Project description:MYC and hypoxia gene clusters are the two most commonly recurring transcriptional programs in heterogenous tumors. Understanding the cellular fitness of MYC-driven cancer cells in normoxia and hypoxia may lead to identification of distinct cancer cell vulnerabilities. Using genome-wide CRISPR screenings of MYC-driven liver cancer cells cultured over 4 weeks in 21% and 1% oxygen in monolayer, and 21% oxygen in 3D spheroid, we not only identify over 600 essential genes under all three conditions but also context-specific fitness genes and pathways. Knockout of VHL-HIF1 pathway results in incompatible fitness defects under 21% oxygen versus 1% oxygen or 3D. Genetic deletion of each of the mitochondrial respiratory complex I-V has distinct cellular fitness outcomes.
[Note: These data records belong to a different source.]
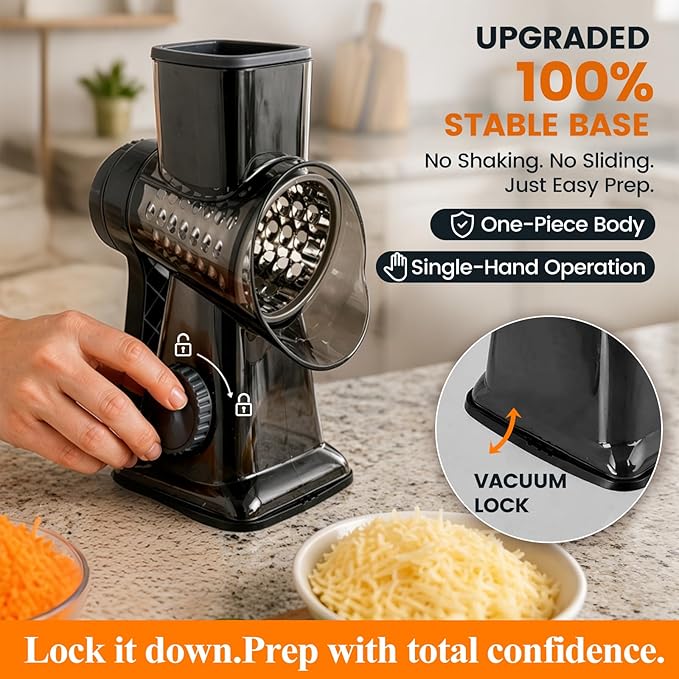 HANSGO Rotary Cheese Grater Hand Crank, Shredder Slicer Grinder, 3 Large Diameter Metal Blades & Cleaning Brush, Non-slip Suction Base, Labor-Saving Handle, Kitchen Gadgets for Cheese, Vegetable, Nuts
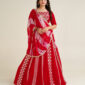 Ruby glow mirror work lehenga choli front view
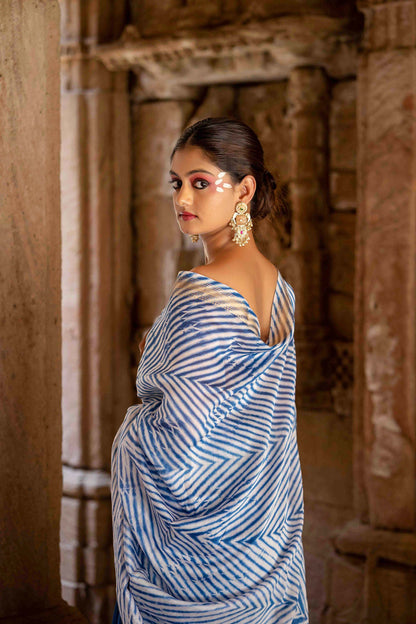 Blue Laheriya Chanderi Saree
Notably, the organogenesis signaling pathways such as TGF-SMAD specifically limits the uncontrolled cell proliferation of 3D spheroids while inactivation of epigenetic modifiers (Bcor, Kmt2d, Mettl3 and Mettl14) has opposite outcomes in monolayer versus 3D. We also discover distinct metabolic requirement for fatty acid and cholesterol synthesis in three conditions. Chemical perturbations using 125 FDA approved oncology drugs reveal that MYC-driven liver cancer cells have different sensitivity to inhibition of tyrosine kinase receptors under hypoxia and 3D. Our resource study highlights unique epigenetic and metabolic dependency of MYC-driven cancer cells in different tumor environmental settings.